The Accounts Commission will, of course, be actively involved in scrutinising those issues in relation to local authorities’ financial performance, so the independent scrutiny that Mr Brodie requested is part of the existing arrangements.
As Mr Findlay knows, that matter is the subject of active dialogue between me and West Lothian Council. We are providing practical assistance, which comes at a cost, to support many of the individuals whom Hall’s of Broxburn has already made redundant. That financial contribution does not come through the local government finance settlement; it comes through other financial arrangements.
The Hall’s of Broxburn task force will also consider issues relating to the economic recovery within West Lothian. I have already signalled that the Government will make a financial contribution towards that.
The resources that have been generated from the public health supplement form part of the assessment of non-domestic rates income that I have made within the budget settlement. In addition, we have clearly set out, in partnership with local government, various ways in which we are taking forward a range of preventative spending measures—the total over the spending review period is £500 million—that are designed to ensure that we take early action to remedy some of the challenges and difficulties that we experience in our society.
The public health supplement forms part of the assessment of non-domestic rates income that I have made, and it is reflected in the policy priorities of the spending review.
Will the cabinet secretary collate the savings packages that the 32 local authorities will produce as a result of the finance settlement that has been outlined today, to allow his department to carry out a full economic impact assessment of them? Will he make that information available to the Parliament?
That really is a matter for each individual local authority to take forward. As Mr Griffin will know from his experience in North Lanarkshire Council, a range of options are put forward, a large proportion of which are not pursued by the elected members for the simple reason that they do not have to make all the savings that are suggested.
As we go through a process of reform of public services, we clearly identify other and different ways in which services can be delivered, which can have better outcomes for people in Scotland. We should not be afraid to change the way in which we deliver public services to deliver better outcomes for the citizens of our country.

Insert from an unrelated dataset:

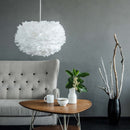 Umage White Feather Lampshade hanging over a relaxing chair and Table adding a soft touch to the room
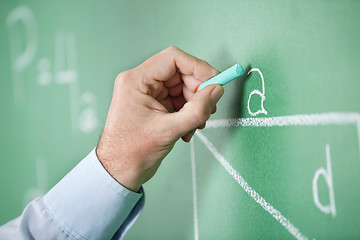 Image showing Mature Teacher'S Hand Writing Alphabet On Greenboard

Mr Brown will forgive me if I do not give him an answer to that specific question in relation to the budget today, but if he needs me to write to him about that later, I will certainly do so. I am sure that, given a couple of minutes, I could run my eye down the table and tell him the exact answer.
The reason why any local authority will receive a cash-terms cut is because of the application of the distribution formula for local authorities, which, as he will know, is affected by a wide variety of indicators—principally population change, but also deprivation, sparsity of population, issues such as special island status and a variety of matters of that nature. Those are the relevant factors.
If Mr Brown looks at the table that I have supplied to members, he will see that the expenditure, taking account of the police and fire changes, totals £9.365 billion in 2012-13 and that it will be £9.396 billion in 2013-14, which is, of course, a higher number than in 2012-13.
The Government responds to any particular circumstances that have an adverse economic impact on different parts of the country with a variety of different interventions. The Government is working, of course, to avoid the outcome that Margo MacDonald suggested, and we will continue to do so with all our efforts.